-Más que preocupante, está desconcertada, carece de referentes, de motivos para buscar necesidades, para creer... Pero también creo que está deseando encontrarlos, deseando tener gente que les ofrezca razones para la esperanza. A mí no me preocupa esta generación desde el punto de vista del conflicto, sino porque no saben lo que quieren. Debemos descubrir sus necesidades. Hay que llevar a nuestros alumnos hacia el pensamiento crítico o, quizás, y aunque pueda parecer una obviedad, a hacer uso de la capacidad de pensar.
-¿Se trata de darles confianza?
-Si no tienes confianza en ellos no nace nada, ni el respeto ni la empatía ni la capacidad de trabajo.

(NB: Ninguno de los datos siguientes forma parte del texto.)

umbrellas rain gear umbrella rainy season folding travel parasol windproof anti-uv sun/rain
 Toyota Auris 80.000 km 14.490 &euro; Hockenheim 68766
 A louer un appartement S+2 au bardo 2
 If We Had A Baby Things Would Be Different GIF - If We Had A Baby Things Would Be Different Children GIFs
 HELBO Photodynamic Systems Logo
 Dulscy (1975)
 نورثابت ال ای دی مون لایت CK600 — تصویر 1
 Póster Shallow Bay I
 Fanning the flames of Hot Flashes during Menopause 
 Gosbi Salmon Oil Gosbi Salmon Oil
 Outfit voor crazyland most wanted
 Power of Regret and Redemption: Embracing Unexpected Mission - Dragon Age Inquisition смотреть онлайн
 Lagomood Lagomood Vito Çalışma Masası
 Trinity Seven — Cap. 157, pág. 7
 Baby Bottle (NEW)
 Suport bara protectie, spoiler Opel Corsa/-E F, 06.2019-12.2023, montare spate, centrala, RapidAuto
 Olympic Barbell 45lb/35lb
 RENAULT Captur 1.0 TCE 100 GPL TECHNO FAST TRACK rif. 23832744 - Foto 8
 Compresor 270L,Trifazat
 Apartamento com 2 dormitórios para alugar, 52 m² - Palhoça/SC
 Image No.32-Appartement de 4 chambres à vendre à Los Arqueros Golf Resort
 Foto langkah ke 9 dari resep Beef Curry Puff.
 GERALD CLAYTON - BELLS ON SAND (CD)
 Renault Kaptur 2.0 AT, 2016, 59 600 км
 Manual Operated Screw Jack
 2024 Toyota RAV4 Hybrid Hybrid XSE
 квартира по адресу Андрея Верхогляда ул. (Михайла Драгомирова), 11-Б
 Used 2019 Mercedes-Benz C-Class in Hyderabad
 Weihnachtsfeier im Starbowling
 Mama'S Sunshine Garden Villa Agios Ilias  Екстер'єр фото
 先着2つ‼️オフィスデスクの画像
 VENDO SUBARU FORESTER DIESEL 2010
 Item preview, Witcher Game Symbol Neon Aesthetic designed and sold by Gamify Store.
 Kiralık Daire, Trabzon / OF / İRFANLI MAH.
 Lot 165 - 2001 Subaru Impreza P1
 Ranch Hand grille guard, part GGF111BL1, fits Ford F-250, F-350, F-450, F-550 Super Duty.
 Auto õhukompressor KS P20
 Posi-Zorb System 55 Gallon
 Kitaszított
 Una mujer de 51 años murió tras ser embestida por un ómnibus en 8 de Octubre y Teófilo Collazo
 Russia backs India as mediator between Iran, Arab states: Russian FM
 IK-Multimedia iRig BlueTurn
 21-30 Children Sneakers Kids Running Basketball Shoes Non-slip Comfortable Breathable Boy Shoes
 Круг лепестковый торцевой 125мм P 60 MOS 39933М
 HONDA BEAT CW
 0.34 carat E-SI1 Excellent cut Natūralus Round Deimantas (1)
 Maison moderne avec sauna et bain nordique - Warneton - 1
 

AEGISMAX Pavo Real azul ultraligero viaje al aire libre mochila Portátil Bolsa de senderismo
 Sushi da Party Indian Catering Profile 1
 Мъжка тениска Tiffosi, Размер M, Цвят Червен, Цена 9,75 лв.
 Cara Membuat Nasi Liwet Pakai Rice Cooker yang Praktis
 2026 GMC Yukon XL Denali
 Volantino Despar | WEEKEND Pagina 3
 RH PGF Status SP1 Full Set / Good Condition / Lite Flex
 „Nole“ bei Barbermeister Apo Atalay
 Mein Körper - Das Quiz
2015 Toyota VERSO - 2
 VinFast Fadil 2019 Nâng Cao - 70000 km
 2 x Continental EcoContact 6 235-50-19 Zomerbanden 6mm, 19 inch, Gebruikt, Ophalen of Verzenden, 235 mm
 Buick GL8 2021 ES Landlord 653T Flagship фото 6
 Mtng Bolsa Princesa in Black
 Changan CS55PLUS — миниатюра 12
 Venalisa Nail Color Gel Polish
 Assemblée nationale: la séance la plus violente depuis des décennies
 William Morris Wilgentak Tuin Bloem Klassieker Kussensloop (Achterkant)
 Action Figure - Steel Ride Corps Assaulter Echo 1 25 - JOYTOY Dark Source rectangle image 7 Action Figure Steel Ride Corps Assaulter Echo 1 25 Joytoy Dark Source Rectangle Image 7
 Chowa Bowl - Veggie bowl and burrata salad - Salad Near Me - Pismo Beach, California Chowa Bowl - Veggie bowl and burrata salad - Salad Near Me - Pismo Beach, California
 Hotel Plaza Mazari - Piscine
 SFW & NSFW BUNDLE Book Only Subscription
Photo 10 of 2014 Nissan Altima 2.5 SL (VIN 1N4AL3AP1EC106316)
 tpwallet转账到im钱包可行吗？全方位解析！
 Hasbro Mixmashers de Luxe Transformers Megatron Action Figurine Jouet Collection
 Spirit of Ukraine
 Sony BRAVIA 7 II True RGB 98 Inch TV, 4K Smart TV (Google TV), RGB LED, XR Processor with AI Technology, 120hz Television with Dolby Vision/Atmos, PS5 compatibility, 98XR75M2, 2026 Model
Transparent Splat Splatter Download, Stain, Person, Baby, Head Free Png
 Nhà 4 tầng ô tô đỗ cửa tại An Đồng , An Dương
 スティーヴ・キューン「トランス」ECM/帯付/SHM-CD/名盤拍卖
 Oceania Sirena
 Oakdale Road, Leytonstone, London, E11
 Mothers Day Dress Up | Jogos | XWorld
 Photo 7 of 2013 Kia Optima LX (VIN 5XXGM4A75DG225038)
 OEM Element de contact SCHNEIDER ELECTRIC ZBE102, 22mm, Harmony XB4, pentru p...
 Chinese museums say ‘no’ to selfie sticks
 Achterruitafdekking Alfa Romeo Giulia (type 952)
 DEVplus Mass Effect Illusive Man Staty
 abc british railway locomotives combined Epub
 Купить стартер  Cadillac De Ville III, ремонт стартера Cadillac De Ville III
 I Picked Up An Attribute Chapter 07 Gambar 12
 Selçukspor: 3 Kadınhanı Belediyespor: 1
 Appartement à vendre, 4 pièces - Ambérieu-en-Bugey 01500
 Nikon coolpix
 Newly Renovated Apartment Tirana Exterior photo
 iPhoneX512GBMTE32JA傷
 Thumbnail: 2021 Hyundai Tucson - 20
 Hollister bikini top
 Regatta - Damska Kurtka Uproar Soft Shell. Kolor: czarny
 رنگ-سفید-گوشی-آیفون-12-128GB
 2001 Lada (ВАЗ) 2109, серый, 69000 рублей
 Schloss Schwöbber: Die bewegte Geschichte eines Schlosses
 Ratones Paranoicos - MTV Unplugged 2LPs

Hay que asumirlos completos en defectos y completos en virtudes, saber que tienes ante ti a adolescentes llenos de vida, de errores, de preconcepciones a veces falsas, pero también de emociones y de cariño. El profesor debe dejar que le saquen el máximo provecho a todo lo que él puede dar: valores, conocimiento, entrega, cariño... El profesor debe sentir ante todo cariño por sus alumnos. El cariño es fundamental en la enseñanza. Hay que evolucionar desde una actitud pasiva del alumno a una activa, en la que ellos sean protagonistas y motivadores de la acción docente. Sinceramente, creo que así se genera ilusión y motivación en el profesorado.